ASSIGNMENT:
Starting at the line that holds "4827 Harri Ann Drive Charlotte NC 28227" and stopping at the line that holds "La tienda para", restate the records below word for word, with both of those lines included.

RECORDS TO USE:
* * *
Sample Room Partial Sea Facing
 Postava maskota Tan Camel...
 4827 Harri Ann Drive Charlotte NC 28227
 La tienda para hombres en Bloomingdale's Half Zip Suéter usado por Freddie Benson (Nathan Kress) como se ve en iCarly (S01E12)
* * *
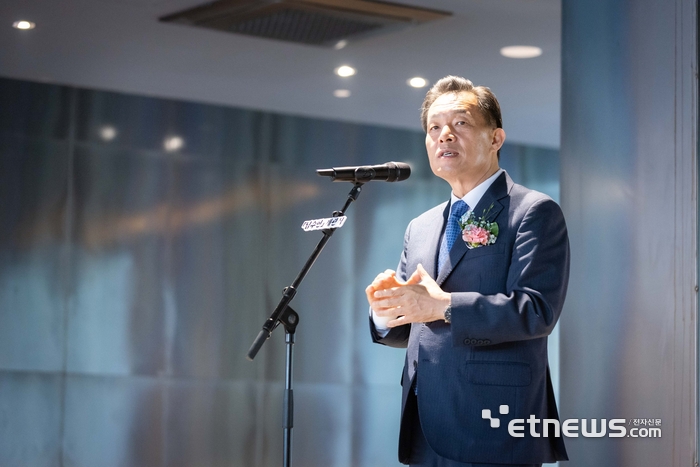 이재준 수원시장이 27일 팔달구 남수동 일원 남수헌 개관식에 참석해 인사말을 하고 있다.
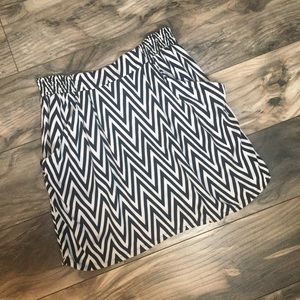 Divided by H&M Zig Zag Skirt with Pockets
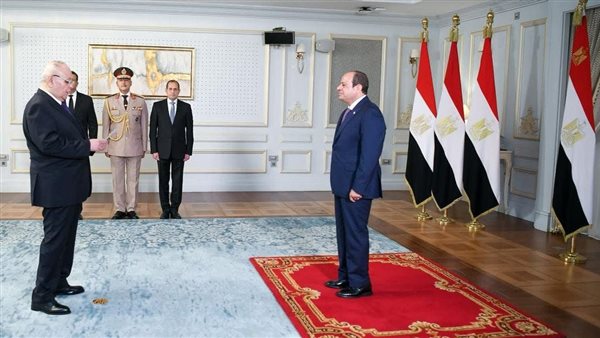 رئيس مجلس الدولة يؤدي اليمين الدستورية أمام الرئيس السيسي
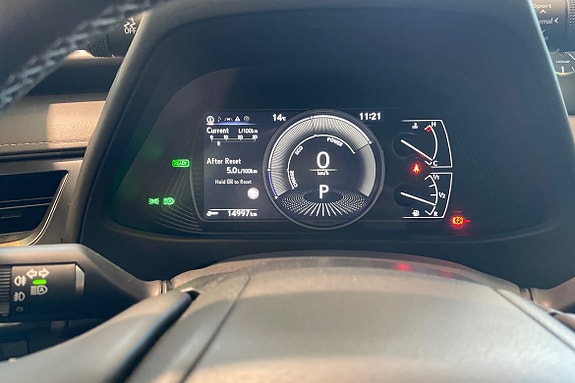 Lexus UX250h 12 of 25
* * *
SOLUTION:
 4827 Harri Ann Drive Charlotte NC 28227
 La tienda para hombres en Bloomingdale's Half Zip Suéter usado por Freddie Benson (Nathan Kress) como se ve en iCarly (S01E12)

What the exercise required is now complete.